Grand Hotel / Anna Karenina

  • This is a past program

Presented by the UCLA Film & Television Archive.

Part of the UCLA Film & Television Archive screening series Then Came Garbo... Learn more at cinema.ucla.edu.

Grand Hotel (1932)

Greta Garbo heads an all-star cast in this sophisticated ensemble drama about the denizens of a luxurious Berlin hotel. Based on Vicki Baum’s stage play and famed — not to mention much-imitated — for its intricate interweaving of multiple characters and storylines, Grand Hotel features Garbo as a depressed ballerina romantically revivified by John Barrymore’s gentleman thief, but the film also notably includes Joan Crawford in a breakthrough role as a gold-digging stenographer, Wallace Beery as an arrogant industrialist and Lionel Barrymore as his beleaguered bookkeeper. A huge critical and popular success, Grand Hotel earned an Academy Award for Best Picture and has since endured as a classic of the early sound era in Hollywood.
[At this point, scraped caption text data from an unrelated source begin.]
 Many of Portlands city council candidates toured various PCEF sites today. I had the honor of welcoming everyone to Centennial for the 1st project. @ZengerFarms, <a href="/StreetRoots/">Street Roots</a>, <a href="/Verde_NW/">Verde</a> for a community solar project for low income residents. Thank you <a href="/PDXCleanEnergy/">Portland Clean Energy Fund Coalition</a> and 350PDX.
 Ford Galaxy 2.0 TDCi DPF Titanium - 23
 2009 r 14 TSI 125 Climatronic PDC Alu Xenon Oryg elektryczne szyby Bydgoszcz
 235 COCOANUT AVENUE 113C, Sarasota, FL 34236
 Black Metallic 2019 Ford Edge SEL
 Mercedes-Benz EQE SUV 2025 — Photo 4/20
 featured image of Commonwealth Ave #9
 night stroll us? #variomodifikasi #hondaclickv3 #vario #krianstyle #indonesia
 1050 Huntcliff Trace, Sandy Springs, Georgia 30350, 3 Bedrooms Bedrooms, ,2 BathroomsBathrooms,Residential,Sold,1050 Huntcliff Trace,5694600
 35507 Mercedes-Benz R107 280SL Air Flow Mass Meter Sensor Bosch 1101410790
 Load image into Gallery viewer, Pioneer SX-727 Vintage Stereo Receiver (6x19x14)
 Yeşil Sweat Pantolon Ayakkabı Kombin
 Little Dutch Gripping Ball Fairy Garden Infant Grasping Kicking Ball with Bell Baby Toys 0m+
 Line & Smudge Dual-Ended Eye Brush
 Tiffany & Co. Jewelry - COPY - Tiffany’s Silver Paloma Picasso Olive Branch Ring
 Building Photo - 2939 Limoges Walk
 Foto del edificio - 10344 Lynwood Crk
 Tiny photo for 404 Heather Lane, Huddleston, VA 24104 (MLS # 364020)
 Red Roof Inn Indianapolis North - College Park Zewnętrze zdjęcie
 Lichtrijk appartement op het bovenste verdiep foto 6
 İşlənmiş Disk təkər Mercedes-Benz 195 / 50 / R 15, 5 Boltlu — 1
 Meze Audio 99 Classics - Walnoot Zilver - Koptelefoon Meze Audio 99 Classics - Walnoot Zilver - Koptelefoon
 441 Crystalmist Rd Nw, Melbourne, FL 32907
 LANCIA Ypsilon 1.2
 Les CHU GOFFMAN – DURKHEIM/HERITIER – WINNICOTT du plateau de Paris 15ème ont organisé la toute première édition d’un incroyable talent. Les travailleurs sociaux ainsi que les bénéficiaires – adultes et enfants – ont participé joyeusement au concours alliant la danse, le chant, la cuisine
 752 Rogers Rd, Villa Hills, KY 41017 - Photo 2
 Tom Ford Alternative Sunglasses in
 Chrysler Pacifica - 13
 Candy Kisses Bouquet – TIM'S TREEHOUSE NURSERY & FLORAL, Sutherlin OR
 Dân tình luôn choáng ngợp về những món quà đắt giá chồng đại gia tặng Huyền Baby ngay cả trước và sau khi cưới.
DCP, b&w, 115 min. Director: Edmund Goulding. Screenwriter: William A. Drake. With: Greta Garbo, John Barrymore, Joan Crawford.

Anna Karenina (1935)

In Anna Karenina, Garbo reprised her role as the tragic heroine she first portrayed in Love (1927), a silent version of Tolstoy’s classic 19th-century Russian novel. The streamlined story, supplemented by meticulous period costumes and decor, traces Anna’s loveless marriage to the hypocritical Karenin (Basil Rathbone) and her ultimately ruinous affair with the charismatic Count Vronsky (Fredric March). Capably directed by Garbo stalwart Clarence Brown, the film was a popular hit and something of a mini-comeback for its elusive star: “Greta Garbo, after several years of miscasting, is back at last in her own particular province of glamour and heartbreak, of tragic lovely ladies and handsome ruthless men” (New York Sun).

35mm, b&w, 95 min. Director: Clarence Brown. Screenwriters: Clemence Dane, Salka Viertel. With: Greta Garbo, Fredric March, Basil Rathbone, Freddie Bartholomew. From the collection of the George Eastman Museum.